▸ TASK:
With the pictures set aside, write out all of the data exactly as it stands.

Records from a dataset
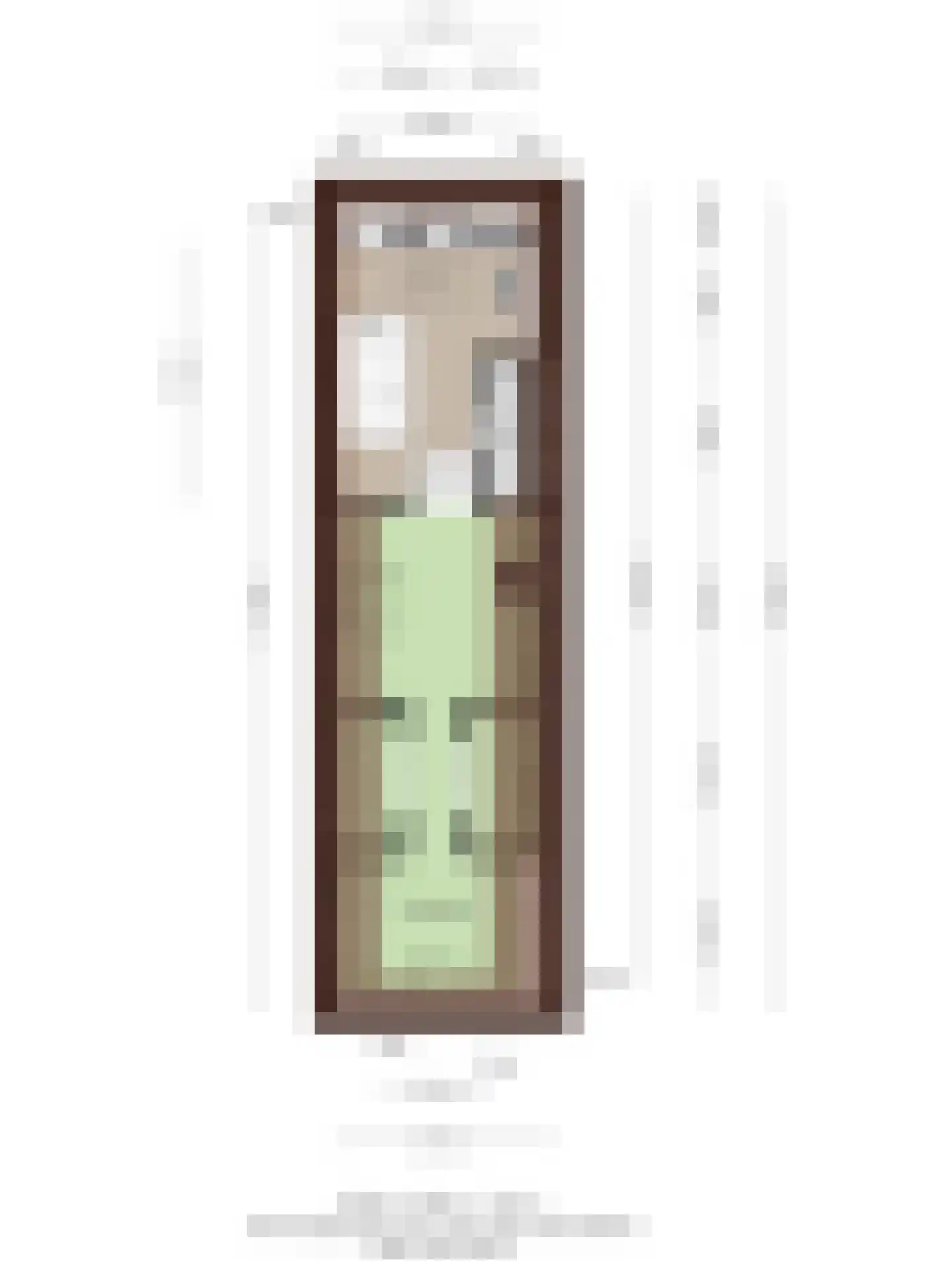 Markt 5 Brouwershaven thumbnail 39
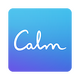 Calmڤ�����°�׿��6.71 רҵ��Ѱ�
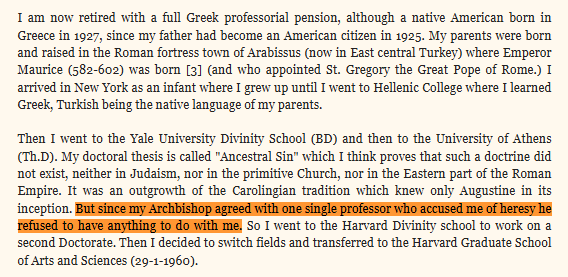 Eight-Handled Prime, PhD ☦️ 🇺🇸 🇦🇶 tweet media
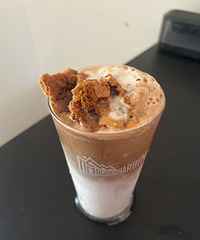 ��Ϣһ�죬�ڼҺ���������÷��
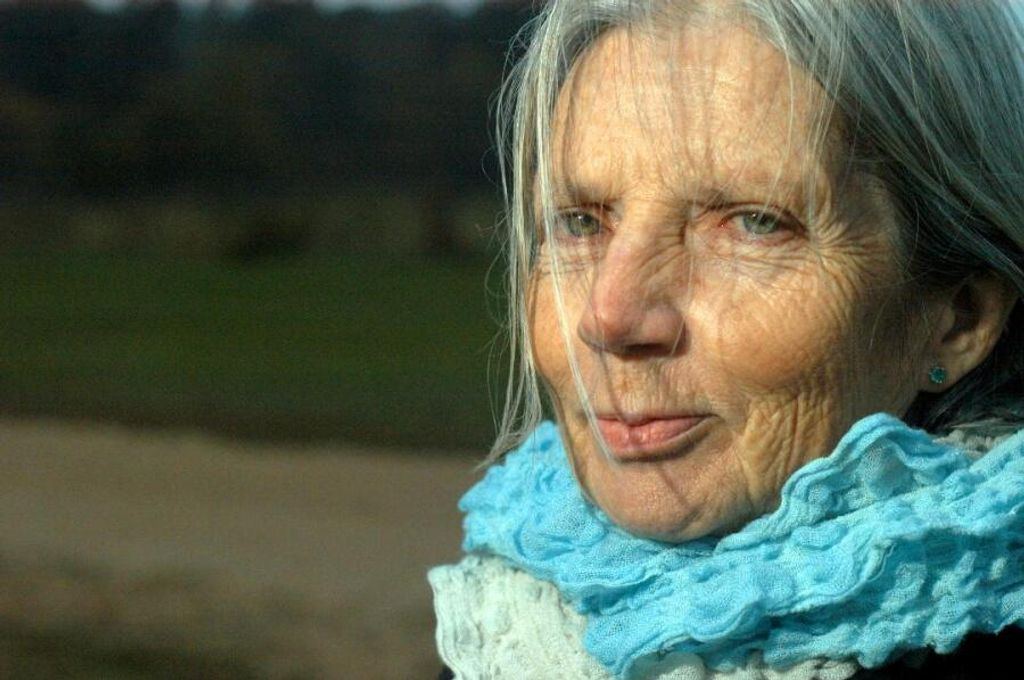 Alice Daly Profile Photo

▸ TASK OUTPUT:
 Markt 5 Brouwershaven thumbnail 39
 Calmڤ�����°�׿��6.71 רҵ��Ѱ�
 Eight-Handled Prime, PhD ☦️ 🇺🇸 🇦🇶 tweet media
 ��Ϣһ�죬�ڼҺ���������÷��
 Alice Daly Profile Photo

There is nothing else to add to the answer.